Law School Case Brief
United States v. Leon - 468 U.S. 897, 104 S. Ct. 3405 (1984)
Reasonable minds frequently may differ on the question whether a particular affidavit establishes probable cause. The deference accorded to a magistrate's finding of probable cause does not preclude inquiry into the knowing or reckless falsity of the affidavit on which that determination was based. Courts must also insist that the magistrate purport to perform his neutral and detached function and not serve merely as a rubber stamp for the police. Reviewing courts will not defer to a warrant based on an affidavit that does not provide the magistrate with a substantial basis for determining the existence of probable cause. Sufficient information must be presented to the magistrate to allow that official to determine probable cause; his action cannot be a mere ratification of the bare conclusions of others.

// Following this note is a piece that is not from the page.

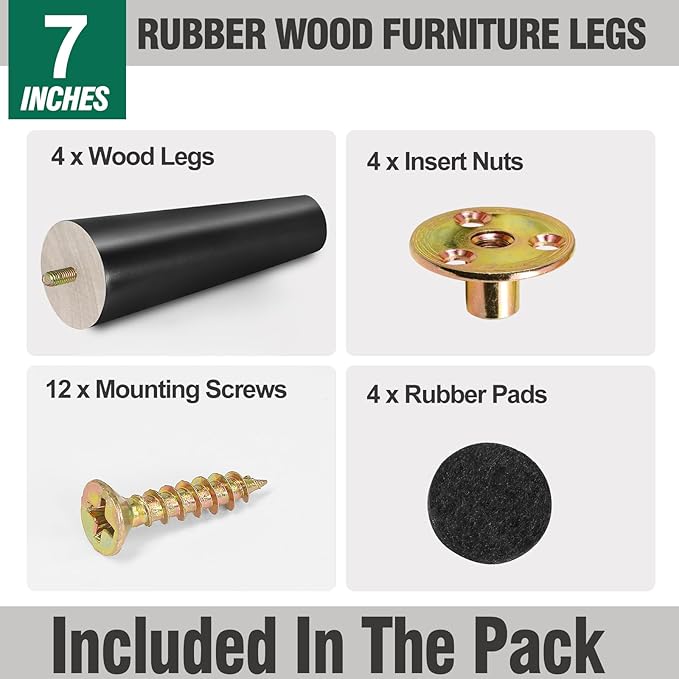 FoDau770 Black Rubber Wood Furniture Legs 7 Inches, Straight Tapered Wood Feet Mid Century Sofa Legs Set of 4, 5/16" UNC Furniture Feet Replacement Parts for Cabinet Couch Dresser Chair Ottoman Table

Acting on the basis of information from a confidential informant, officers of the Burbank, Cal., Police Department initiated a drug-trafficking investigation involving surveillance of respondents' activities. Based on an affidavit summarizing the police officers' observations, Officer Rombach prepared an application for a warrant to search three residences and respondents' automobiles for an extensive list of items. The application was reviewed by several Deputy District Attorneys, and a facially valid search warrant was issued by a state-court judge. Ensuing searches produced large quantities of drugs and other evidence. Respondents were indicted for federal drug offenses, and filed motions to suppress the evidence seized pursuant to the warrant. After an evidentiary hearing, the District Court granted the motions in part, concluding that the affidavit was insufficient to establish probable cause. Although recognizing that Officer Rombach had acted in good faith, the court rejected the Government's suggestion that the Fourth Amendment exclusionary rule should not apply where evidence is seized in reasonable, good-faith reliance on a search warrant. The Court of Appeals affirmed, also refusing the Government's invitation to recognize a good-faith exception to the rule. The Government's petition for certiorari presented only the question whether a good-faith exception to the exclusionary rule should be recognized.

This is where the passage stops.